**Work to complete**
Give the data again exactly as written, skipping any pictures.

**Stored data**
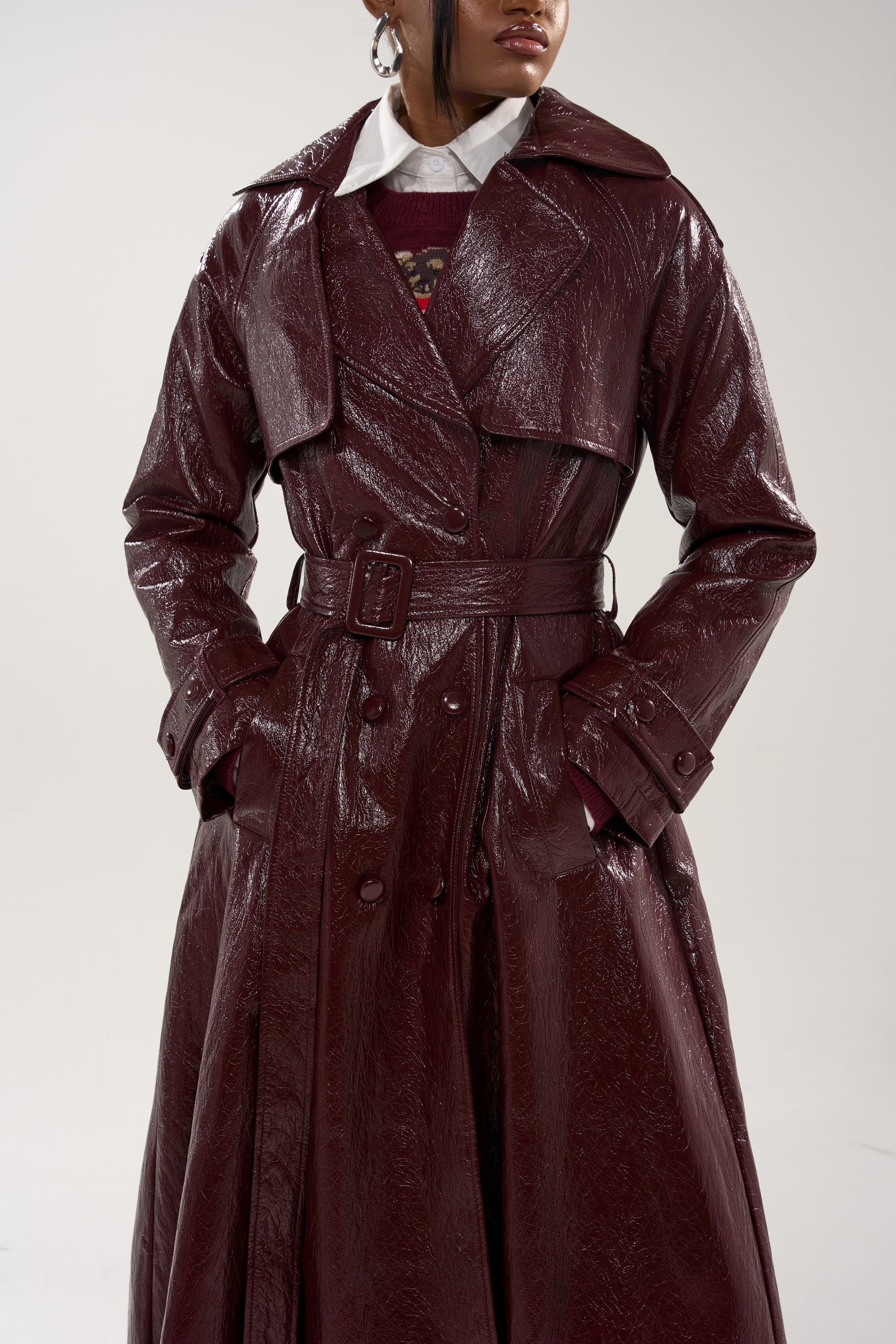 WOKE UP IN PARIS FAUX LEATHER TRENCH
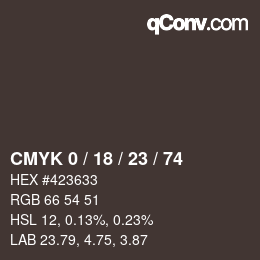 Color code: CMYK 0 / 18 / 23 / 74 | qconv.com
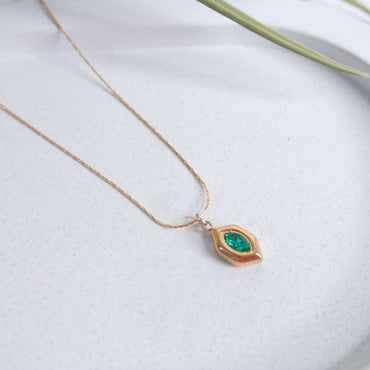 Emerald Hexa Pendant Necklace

**Task output**
 WOKE UP IN PARIS FAUX LEATHER TRENCH
 Color code: CMYK 0 / 18 / 23 / 74 | qconv.com
 Emerald Hexa Pendant Necklace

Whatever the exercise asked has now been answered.